Check the measurements in Stereophile (https://www.stereophile.com/content/new-firmware-measurements and the older https://www.stereophile.com/content/ps-audio-perfectwave-directstream-da-processor-measurements) Also “hifi & records” jan 2015 and “HiFi News” August 2014 and May 2018.
I’m not going to take the time to match all of ASR’s graphs, people can see what ASR has to say about a few DACs they know well and see if they agree with those. Most of my complaint are about his choice of things to measure, their relevance to what we hear and his snarky delivery. Please read the article (and say his reviews of some of the other equipment mentioned in higher posts) to get a flavor of his impartialness (or the lack thereof.) There are plenty of manufacturers who have pointed out many of his measurement problems (some mentioned in previous posts here) but the conclusions he draws from the flawed measurements are even less relevant to the real world.
I guess I should say we have some measurements on hand, if you have a specific request or two I might be able to find them or point you to them from reliable source. I just reject on principle reproducing a lot of measurements because someone picks random things to measure. His history is clear to anyone who cares to look.
So this level of harmonic distortion as reported by Stereophile is acceptable and intended in the design of the DSD Sr? Not meant to be inflammatory, this is a legitimate question. When I moved from the Benchmark 3 to DSD Sr, I preferred the sound of the Sr much better even though it did not measure as well.
Do you understand you have posted a graph of the older firmware? The new firmware tested in the same article does much better.
It’s not ideal, but who listens to full scale 50Hz?
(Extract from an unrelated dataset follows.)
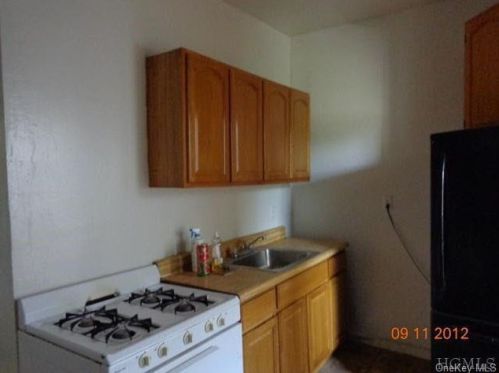 788 Garden St, Bronx NY 10460-1104 exterior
With either higher frequencies or lower volume levels the distortion goes down rapidly.
Thank’s Elk
I’m on my phone so I don’t know how this will look:
FWIW, I went from a Benchmark 3 (ASR darling) to the DSD and to my ears there’s no comparison - love the DSD. Benchmark is still a nice unit but the DSD is a different class to me.
I used the suggested measurements in the article that Ted referred to since Amir’s were deemed not credible.
It sounds like you had the same experience I did.
The article I pointed you to was a set of comparisons between two software versions. You posted the old version, I posted the newer one up a few posts.
Ahh, I understand now. My mistake.
And note the newer firmware performed at least twice as well on the test you referenced.
I am confused. Stereophile tested multiple firmware, and noise went down, sure. However, Amir was on LATEST firmware, and the chart posted is from latest firmware. Question is, the noise produced, is it OK, by design? or would be neutralized when full frequency is applied?
Ted, could you please provide audio precision graphs that demonstrate the distortion and noise for lower volume low frequency signals? I’m curious if they show that the DS is able to reach CD quality of 96dB of dynamic range or not.
My concern is that while PS Audio says the DS “has hand written, discrete, perfection based conversion that uncovers all the missing information hiding in your digital audio media,” it is fundamentally incapable of the performance required to make this statement true of even 16bit/44.1kHz content, let alone higher bitrate content.
Do you have charts showing them at a lower volume? I am just curious if we appreciate the sound of the DSD Sr. because of the harmonics or if it would sound even better if they were engineered away?